Haxe / OpenFL solving CORS error without having access to the server?

Question

I know there are tons of questions regarding CORS policy in HTML5 tag.

All of them are talking about the server side settings that you need to change the access headers in the server settings or put the headers yourself in the php file etc.
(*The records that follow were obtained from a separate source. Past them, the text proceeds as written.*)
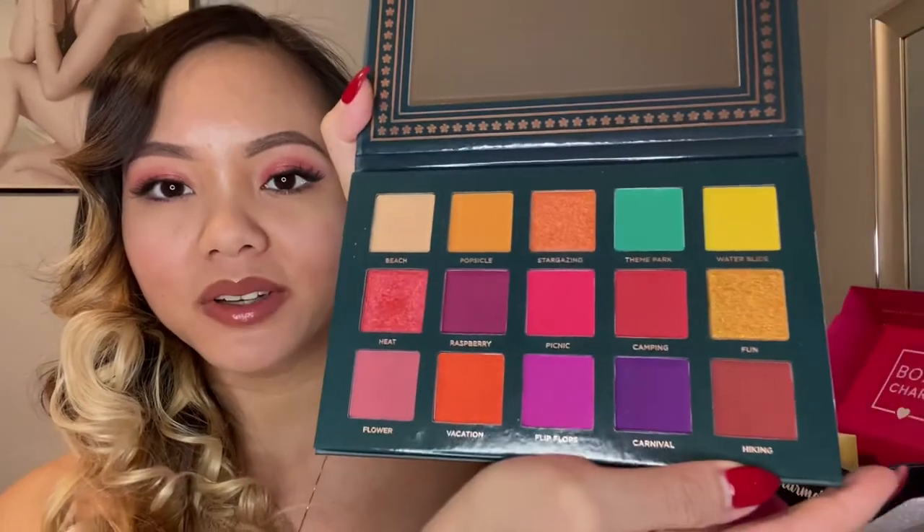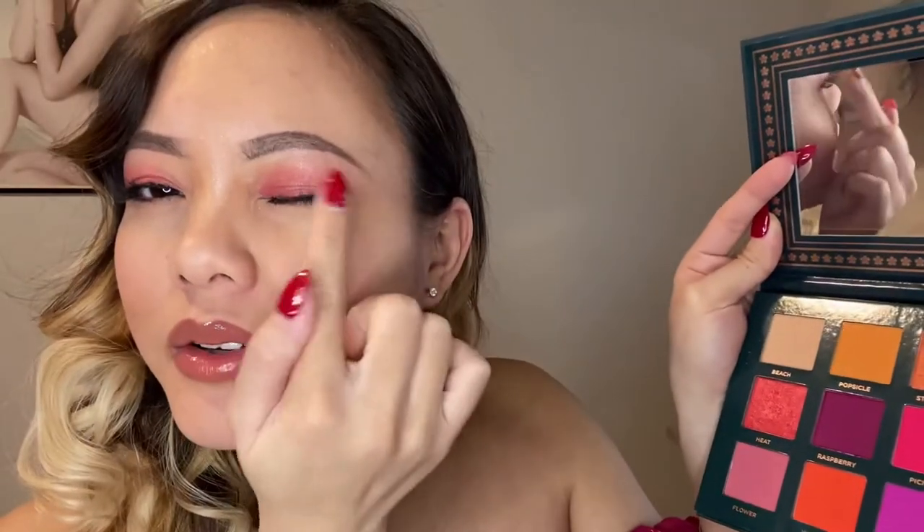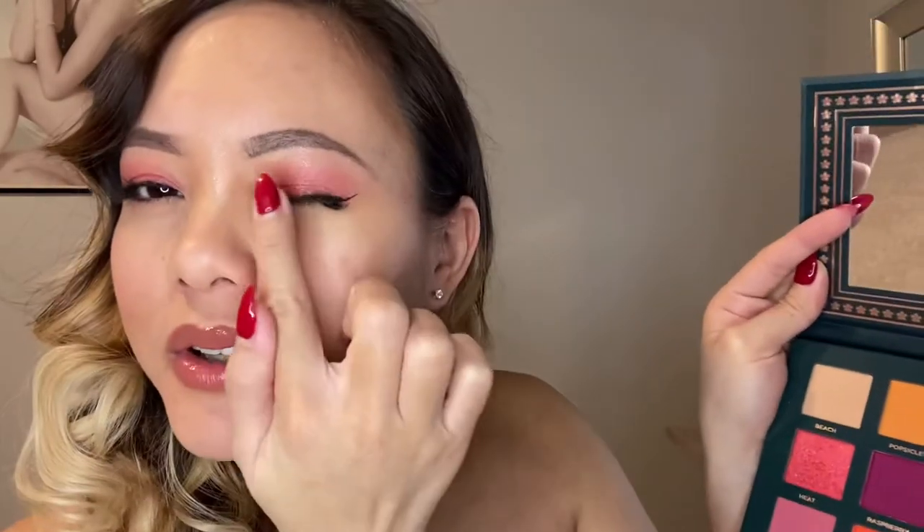These are beautiful, vibrant colors. Before I went out on my dinner date, I actually used three colors from this palette — you can see the shadows I have on right now. The beach shade is all on the outside, the flower shade is on the outer corner, and the heat shade is on the inner corner, creating that vibrant pinky tone. I'm definitely excited to use more colors from this palette and mix and match, because look at that green — 'Theme Park' — oh my gosh, it's like the greatest green I've ever seen in a color palette.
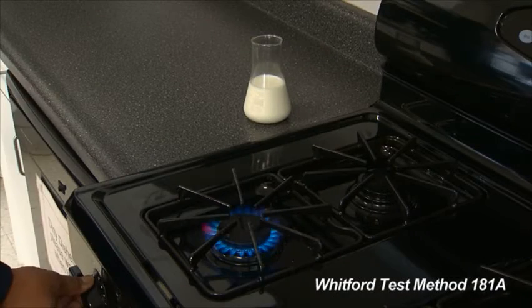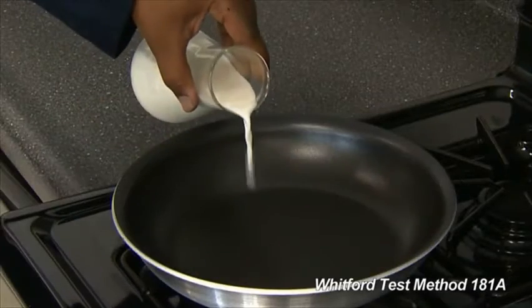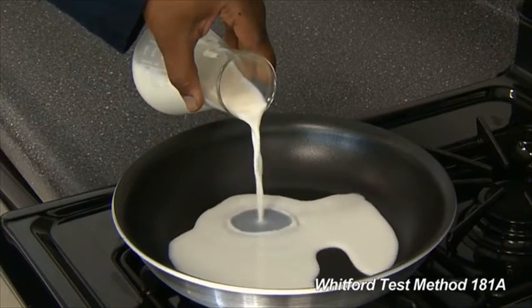With the burner on a medium setting, place the pan on the burner. Pour cold, fresh, whole milk into the pan so it covers the surface.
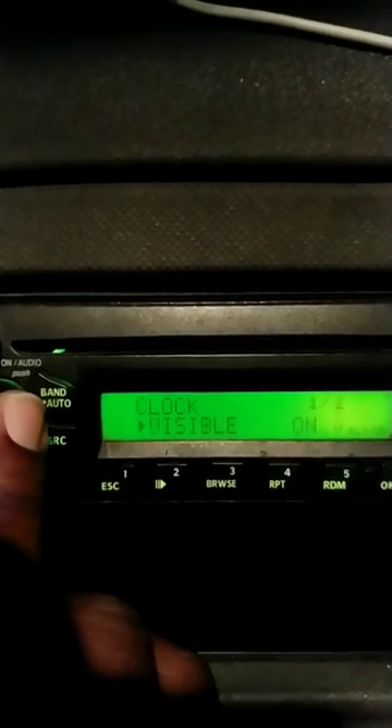Then you press it in. Now you got the visible on. Press it again — visible off. Visible on. That's the clock visibility.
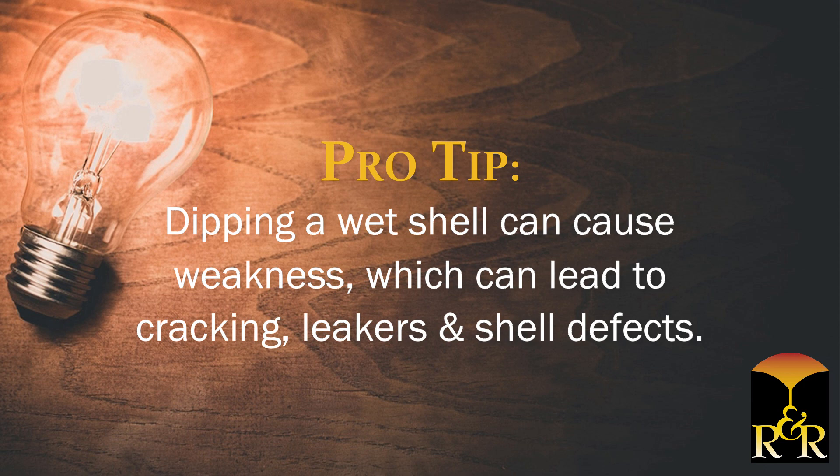It is important to know when a shell is dry because dipping a wet shell can cause the shell to be weak, which can lead to cracking, leakers, and various shell defects.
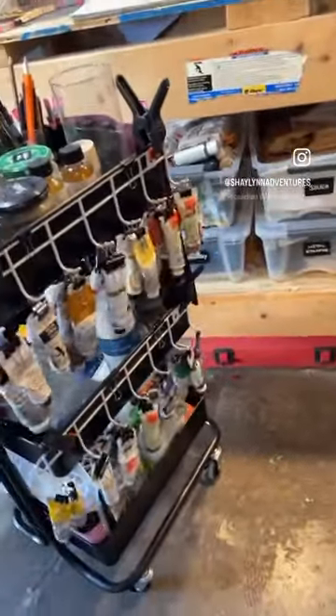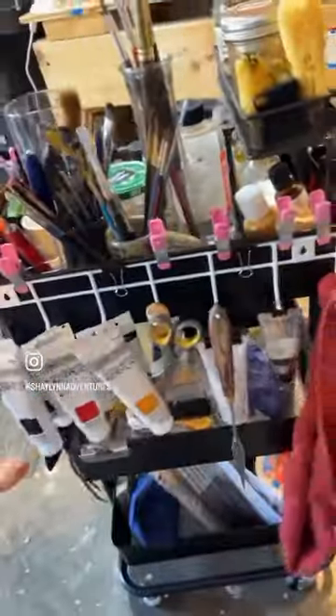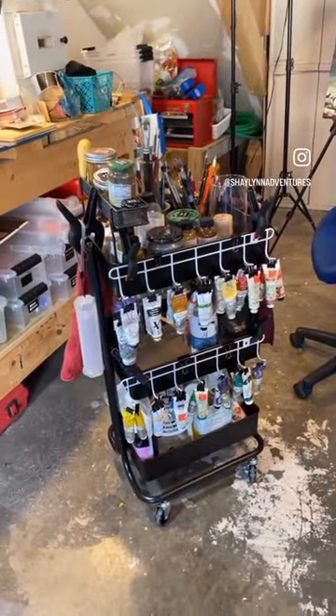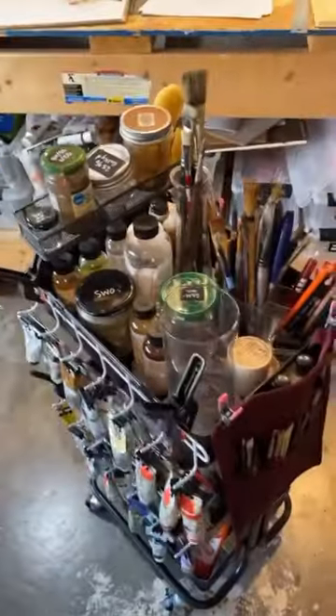We've got a spot for all of my oil paints sorted by type. Over here we've got room for acrylics and tools, and then up here we have room for all of my mediums, paint brushes, everything — long handle brushes pinned on the side, everything's binder clips and clamps, and little hooks from Dollar Tree, and it is the best thing and I am so excited.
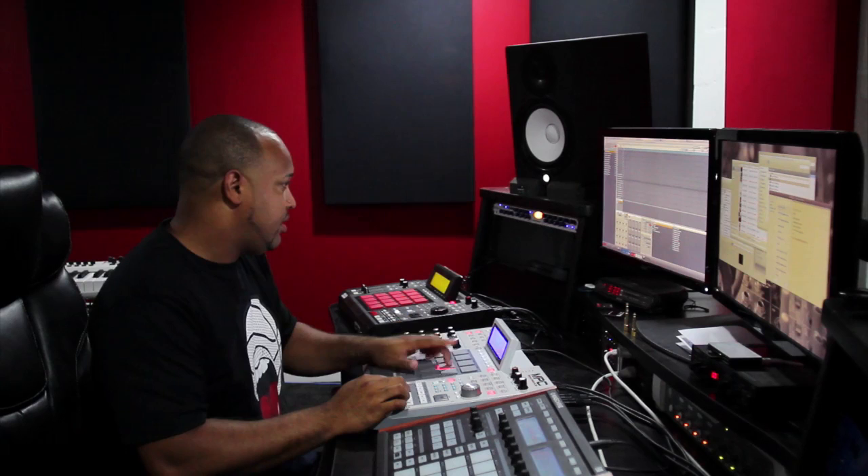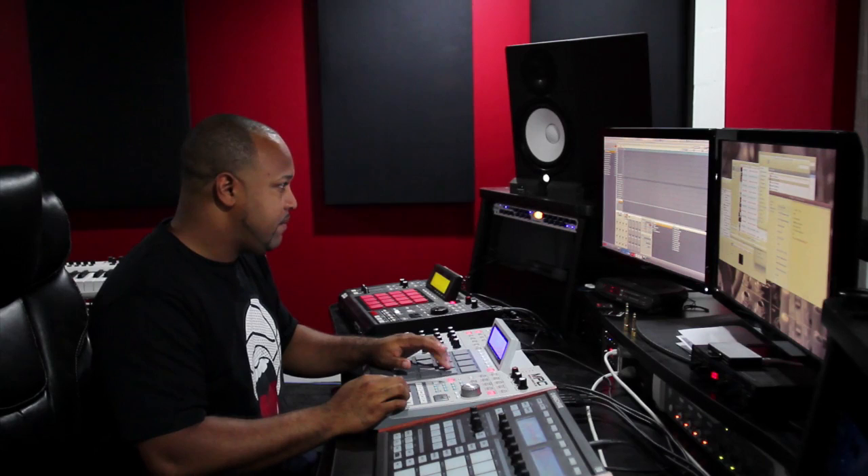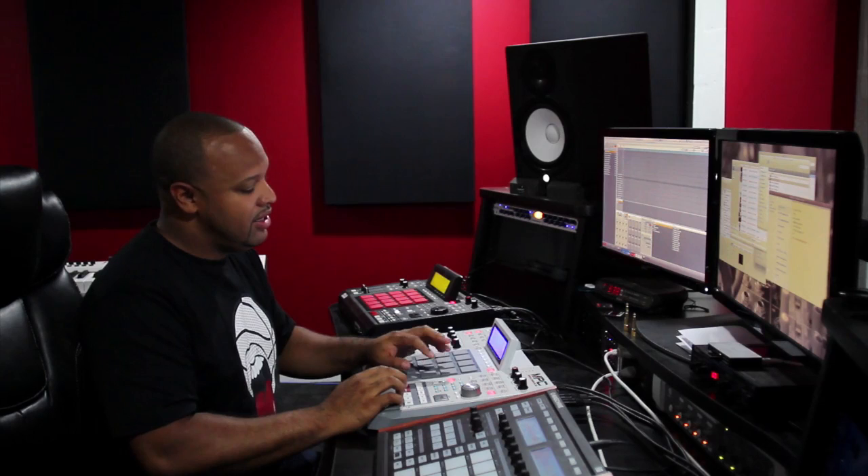Then you got a snare drum — it's like a break. You got a little string section. And one of my favorite parts is that he had a vocalist come in and sing the vocals on top of it.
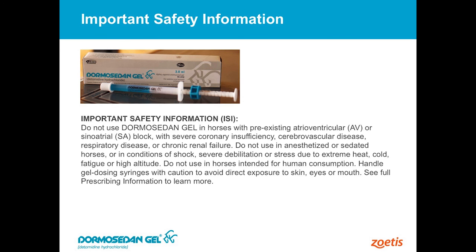Any horses that have existing heart issues — we don't recommend using this drug on them. But the good thing is we don't have many horses that have heart issues. If they've had a bad experience in the past with this type of drug, then we would not want to use it. Pretty much common sense things with respect to the safety side of it.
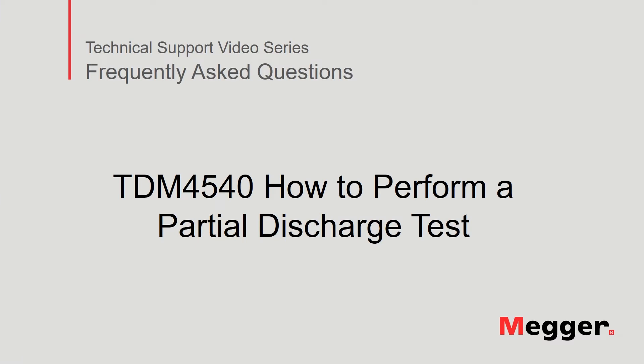Hello. Welcome to Megger's technical support video series, Frequently Asked Questions. In this video, we will discuss how to perform a partial discharge test using the TDM4540.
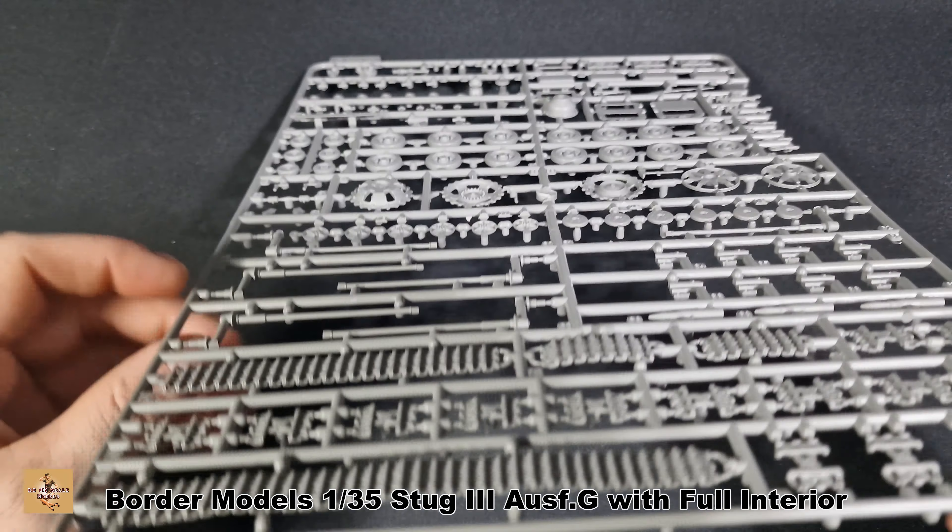So there you are folks — another kit from Border Models. Beautiful kit as always, nicely detailed. This is the full interior version; you get the crew and you get the bonuses. I do like the tanks from Border Models. I'm not a massive fan of interior kits because they take a long time to do — I only have two of them at the moment: the StuG as you see here and also a Panzer Panther. Anyway, like, comment, subscribe and I'll catch you next time.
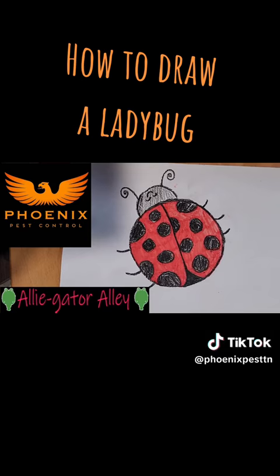This is Alligator Allie. Like, share, and subscribe. Bye!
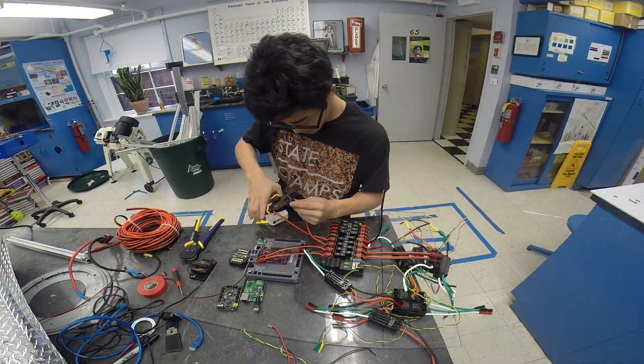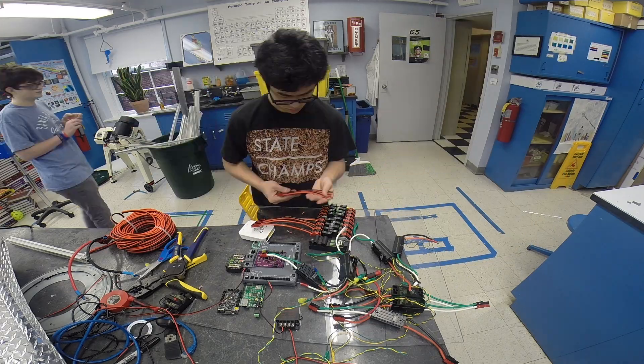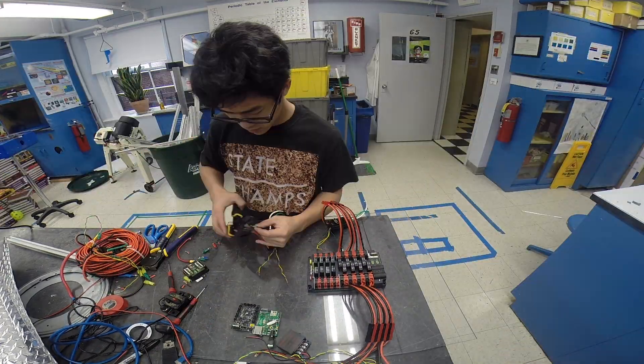Toward the end of the week, we designed a prototype shooter. Some team members came in on Saturday to make the final version of our gear grabber, and also worked on a vertical electrical board.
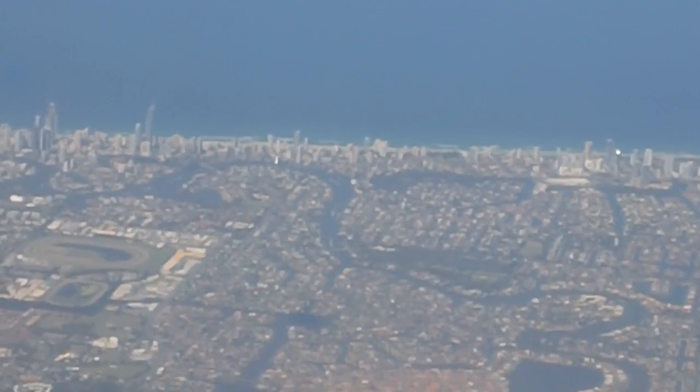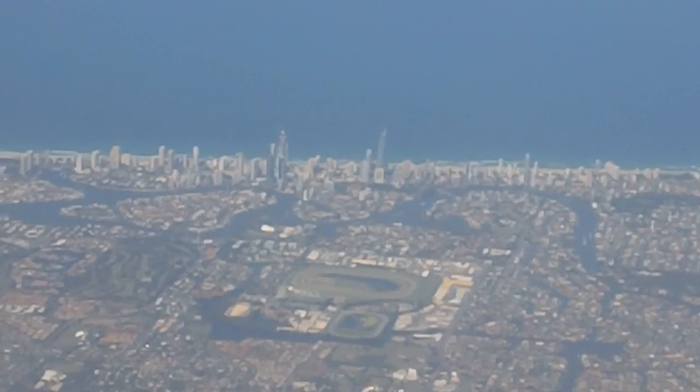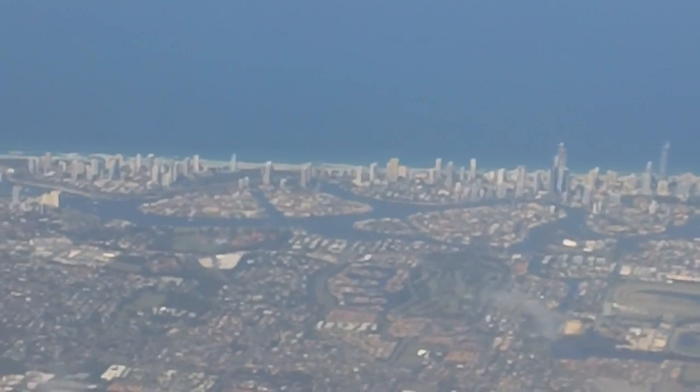At this time, please check that your seat back is in the upright position and the armrest is down. The tray table must be folded away, and all hand luggage must be stowed securely either underneath the seat in front or in the overhead lockers, ensuring that the aisle and exits are completely clear.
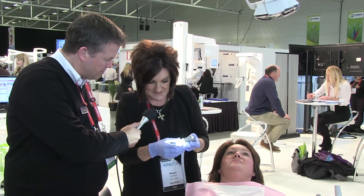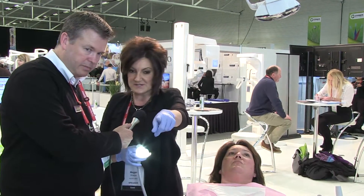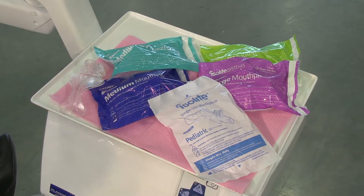The mouthpiece is attached to the base. These are single use, so they're disposable. There are a variety of mouthpieces — five in total — and they're designed to meet the anatomy and morphology of all mouths.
But i am loading images using Loader class and i don't have access to that server.

how do i change the :

Access-Control-Allow-Origin to *

i tried pushing the headers with the URL Request :

urlRequest.requestHeaders.push( new URLRequestHeader( 'Access-Control-Allow-Origin', '*' ) );

but no matter what i did :

i get this error :

Complete code snippet:

loader = new Loader();
loader.contentLoaderInfo.addEventListener(Event.COMPLETE, onImageLoadComplete);

var request:URLRequest = new URLRequest();
request.url = "http://www.someserver.com/some_image.jpg";

request.contentType = "image/jpeg"; //tried it didn't make a difference
request.requestHeaders.push( new URLRequestHeader( 'Access-Control-Allow-Origin', '*' ) );

loader.load(request);

Answer 1

In order to enable cross-origin requests, you will need to add the header on the server side. The alternative is to disable web security:

Disable same origin policy in Chrome

There was a window of time on OpenFL 6.3.0 (before 6.4.0 was released) where there was a regression in the default behavior of openfl.net.Loader (in regards to CORS), but this is resolved in OpenFL 6.4.0 or newer.

Answer 2

Is this for development purposes? I only ask because of the 127.0.0.1 URL involved. It looks like you are hosting your game on 127.0.0.1:3000 and requesting a URL at www.___.com/___.jpg, correct?

Not considering OpenFL specifically, one typical solution would be that the server at 127.0.0.1:3000 could have a proxy capability, fetching and serving images from another web server, so that the browser doesn't see the difference.

This wouldn't help you in the real world, but if you're talking about a development environment, perhaps it's be a workaround.